● ACTIVITY
In the entries below, find the line with "32GB* серый *0084280001896*SYS*02/02", then set it down exactly along with each line after it to the end, skipping any pictures.

Short descriptive text snippets:
● ● ● ● ●

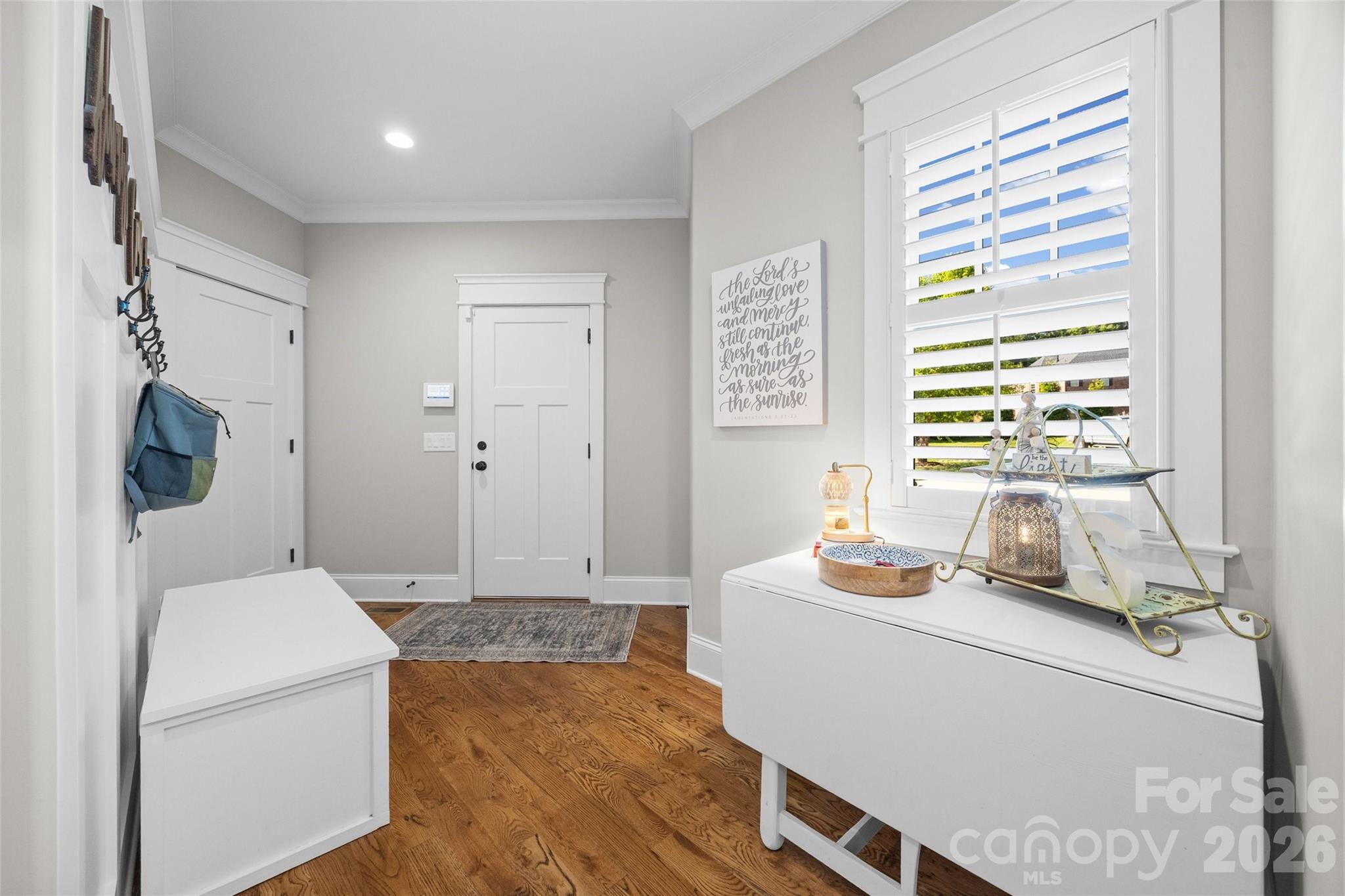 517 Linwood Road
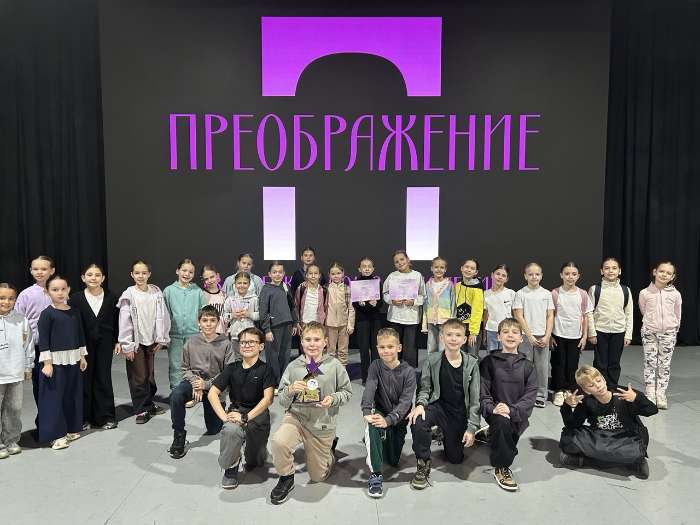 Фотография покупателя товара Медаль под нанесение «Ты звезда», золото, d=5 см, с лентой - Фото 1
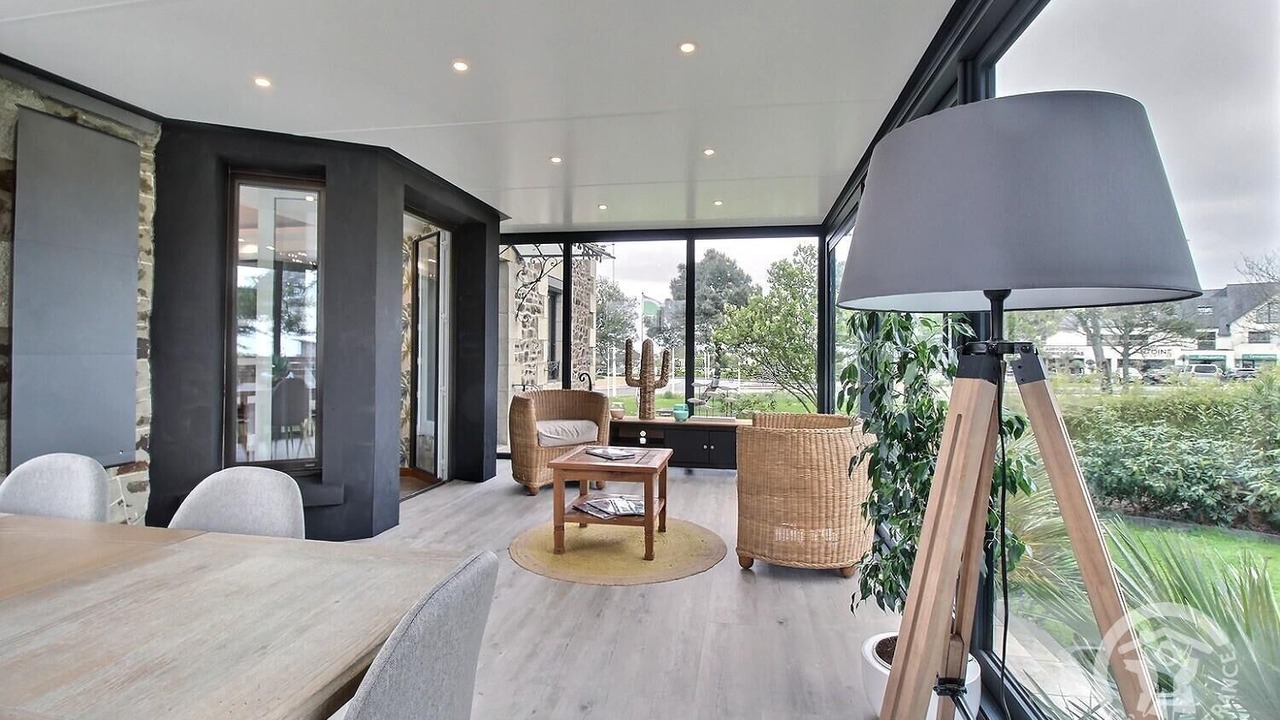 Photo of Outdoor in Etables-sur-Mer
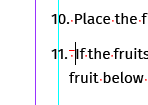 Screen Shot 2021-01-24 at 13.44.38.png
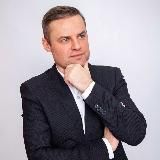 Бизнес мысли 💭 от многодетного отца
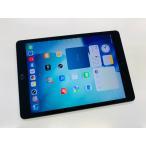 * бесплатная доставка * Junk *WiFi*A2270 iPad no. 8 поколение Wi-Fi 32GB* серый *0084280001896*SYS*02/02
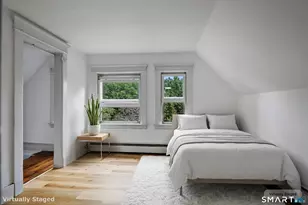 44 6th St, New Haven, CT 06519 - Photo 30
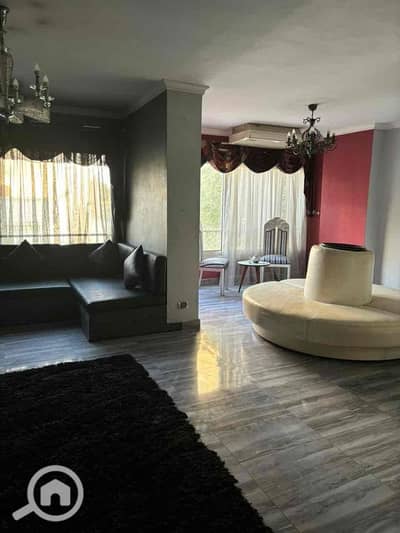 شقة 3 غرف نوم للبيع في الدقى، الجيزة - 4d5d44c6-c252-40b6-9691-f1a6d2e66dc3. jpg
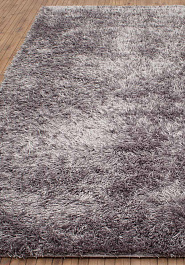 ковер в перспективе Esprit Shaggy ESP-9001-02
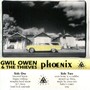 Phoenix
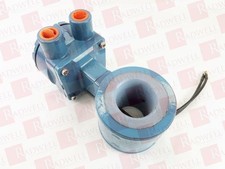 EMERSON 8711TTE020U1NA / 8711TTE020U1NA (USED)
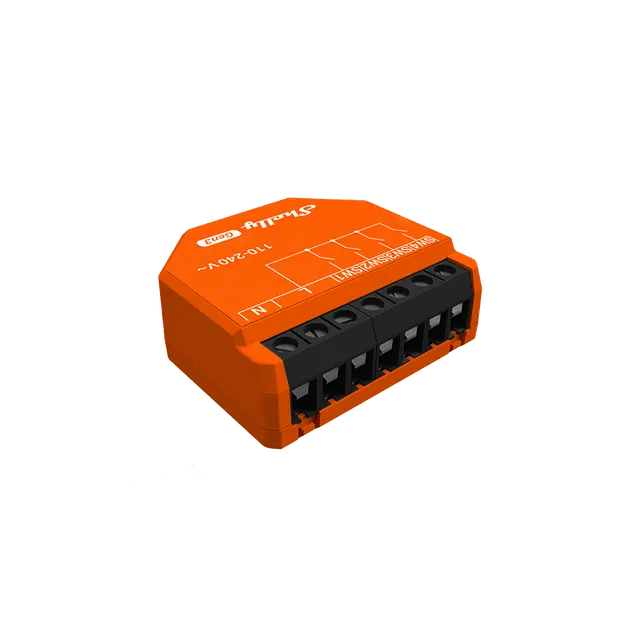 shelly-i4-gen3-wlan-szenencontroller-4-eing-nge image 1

● ● ● ● ●

● RESPONSE AREA
 * бесплатная доставка * Junk *WiFi*A2270 iPad no. 8 поколение Wi-Fi 32GB* серый *0084280001896*SYS*02/02
 44 6th St, New Haven, CT 06519 - Photo 30
 شقة 3 غرف نوم للبيع في الدقى، الجيزة - 4d5d44c6-c252-40b6-9691-f1a6d2e66dc3. jpg
 ковер в перспективе Esprit Shaggy ESP-9001-02
 Phoenix
 EMERSON 8711TTE020U1NA / 8711TTE020U1NA (USED)
 shelly-i4-gen3-wlan-szenencontroller-4-eing-nge image 1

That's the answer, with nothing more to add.